Downtown foot traffic is slowly increasing, but there's still a long way to go
A sidewalk sale was in full swing along St-Catherine St. on Sunday afternoon.
But merchants have mixed views on how successful the weekend had been.
"Probably just a temporary boost in sales, as I think people are coming downtown because of the nice weather in September," said Joe Trubiano, founder of Twin Roads, a retailer specializing in socks.
Like many downtown shops, sales at Trubiano's store took a dive during the pandemic, when there were fewer people working downtown, fewer students milling about, and tourism had dried up.
Linen Depot's Peter Utucuyan has noticed a similar drop. Although he's happy with his weekend sales, he said the crowds just aren't what they used to be.
"Before the pandemic, we had a lot more people, people were [out more]," he said.
Normally held in July, this year the St-Catherine sidewalk sale was moved to September to conform with public health requirements.
Montreal centre-ville, a downtown merchant's association, estimates that 500 thousand people walked along this three-kilometre stretch each day of the sale.
"It is the max capacity that we could ask for" with respect to COVID guidelines, said Glenn Castanheira, executive director of the association.

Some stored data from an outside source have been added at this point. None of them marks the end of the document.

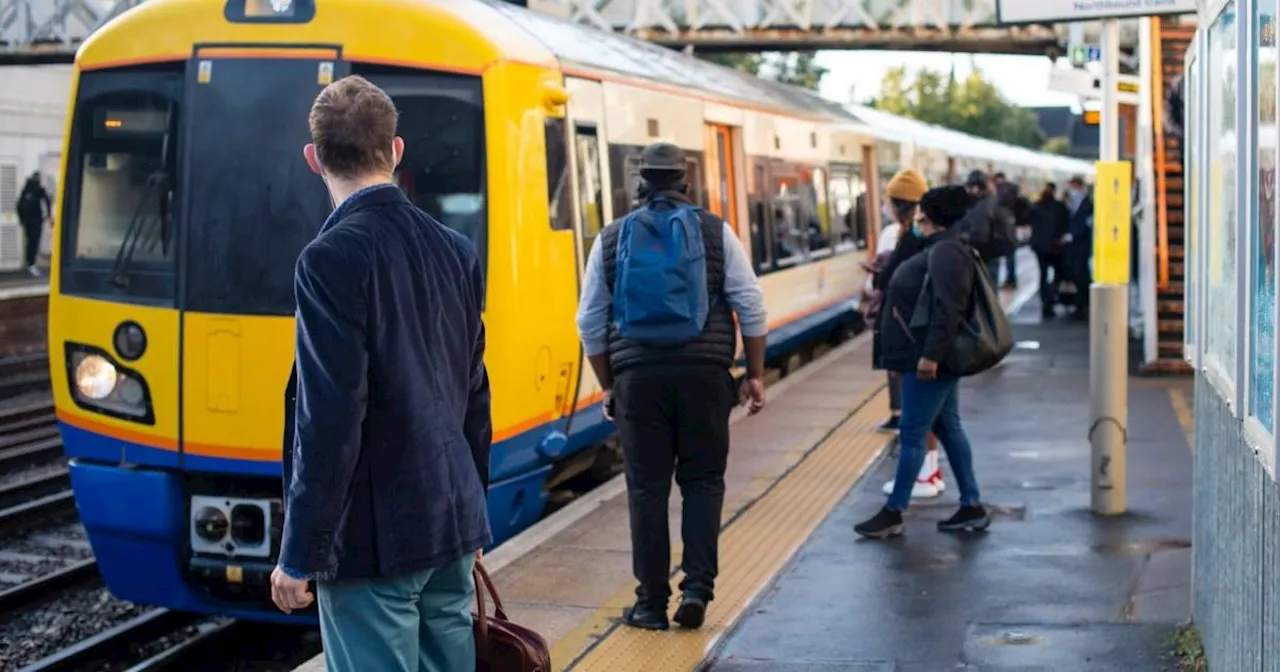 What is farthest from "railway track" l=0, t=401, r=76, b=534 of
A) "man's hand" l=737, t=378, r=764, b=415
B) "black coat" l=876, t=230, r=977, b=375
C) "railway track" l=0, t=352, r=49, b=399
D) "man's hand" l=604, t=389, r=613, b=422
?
"man's hand" l=737, t=378, r=764, b=415

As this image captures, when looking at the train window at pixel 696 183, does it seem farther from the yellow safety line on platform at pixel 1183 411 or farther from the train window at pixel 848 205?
the train window at pixel 848 205

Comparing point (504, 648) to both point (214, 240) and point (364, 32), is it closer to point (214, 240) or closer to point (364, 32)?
point (214, 240)

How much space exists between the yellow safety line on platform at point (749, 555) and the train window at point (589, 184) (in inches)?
59.2

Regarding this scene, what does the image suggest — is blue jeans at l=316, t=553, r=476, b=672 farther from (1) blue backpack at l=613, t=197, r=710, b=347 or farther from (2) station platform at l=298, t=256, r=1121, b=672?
(1) blue backpack at l=613, t=197, r=710, b=347

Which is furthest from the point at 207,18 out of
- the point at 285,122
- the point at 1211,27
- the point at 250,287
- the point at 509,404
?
the point at 1211,27

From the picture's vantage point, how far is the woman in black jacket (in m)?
7.62

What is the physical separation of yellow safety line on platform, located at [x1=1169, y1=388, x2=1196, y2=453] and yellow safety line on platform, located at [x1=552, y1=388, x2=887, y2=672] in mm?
1850

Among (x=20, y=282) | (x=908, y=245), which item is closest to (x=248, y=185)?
(x=908, y=245)

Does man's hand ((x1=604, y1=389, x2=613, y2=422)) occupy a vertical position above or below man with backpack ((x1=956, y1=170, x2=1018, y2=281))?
below

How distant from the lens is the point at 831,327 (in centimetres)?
1817

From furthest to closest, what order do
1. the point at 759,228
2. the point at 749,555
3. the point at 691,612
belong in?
1. the point at 759,228
2. the point at 749,555
3. the point at 691,612

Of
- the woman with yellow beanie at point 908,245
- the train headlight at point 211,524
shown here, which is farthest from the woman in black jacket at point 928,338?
the train headlight at point 211,524

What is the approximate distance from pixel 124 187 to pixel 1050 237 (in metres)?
15.2

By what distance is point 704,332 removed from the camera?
587 cm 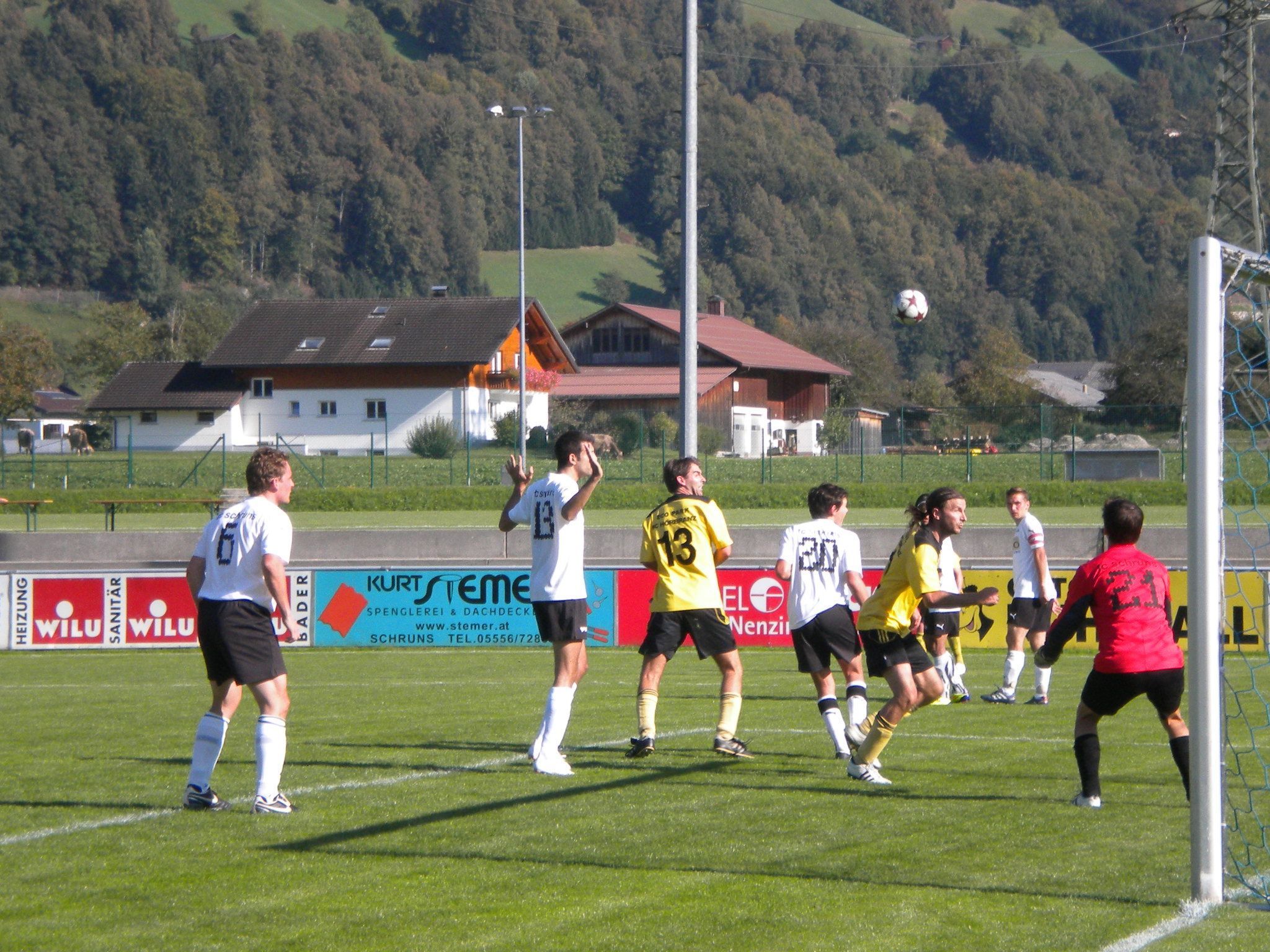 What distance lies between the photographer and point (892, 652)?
8.52 metres

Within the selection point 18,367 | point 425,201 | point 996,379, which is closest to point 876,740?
point 18,367

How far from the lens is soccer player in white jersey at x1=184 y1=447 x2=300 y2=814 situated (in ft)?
24.6

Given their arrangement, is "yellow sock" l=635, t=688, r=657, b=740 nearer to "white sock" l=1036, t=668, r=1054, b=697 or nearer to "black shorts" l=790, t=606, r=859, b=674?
"black shorts" l=790, t=606, r=859, b=674

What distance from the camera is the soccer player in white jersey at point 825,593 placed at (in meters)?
9.45

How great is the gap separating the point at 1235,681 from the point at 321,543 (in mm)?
Answer: 18252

But before the pandemic hit, this number was around 750 thousand, according to Castanheira.
Nevertheless, he says foot traffic appears to be going back up.
"Our data does show that footfall has increased by 40 per cent since March."
But it's not clear how many of those people are shopping. And compared to pre-COVID data, Castanheira says downtown foot traffic is still much lower than it used to be, by around 30 to 40 per cent.
"We are faring better every month, but we are still ways away from what we had pre-pandemic."
So with foot traffic down, how are downtown retailers faring in terms of revenue?
"It very much varies," said Castanheira.
For retailers on St-Catherine's St., which are typically larger and more widely known, "stores are mostly flagships there to promote the product and then increase sales online."
Castanheira says these kinds of stores are doing fairly well, but "when it comes to smaller, niche retailers, we're not there yet."
"Some sales are down 30 per cent compared to 2019, and if we look at shops that [are] specialized for tourists, sales are down 50 per cent."
Retailers complain that construction on St-Catherine St. is killing business. They say with detours and a shortage of street-level parking, shoppers are less willing to make the trek downtown.
Castanheira says nearly half of the off-street parking spots downtown are vacant.
"What we would like to see is the city work [more closely] with the private sector, to make these parking spots easily available and if anything, easily accessible, with better signage so people know where they are," he said.
He notes that 75 per cent of downtown's construction is due to private projects, the majoority of which are related to real estate.
And as far as retailers like Joe Trubiano are concerned, downtown's troubles may be too far gone, construction or no construction.
"Once you sort of lose that habit of shopping in one particular area, no matter how nice it might be, two, three years down the road people won't come back."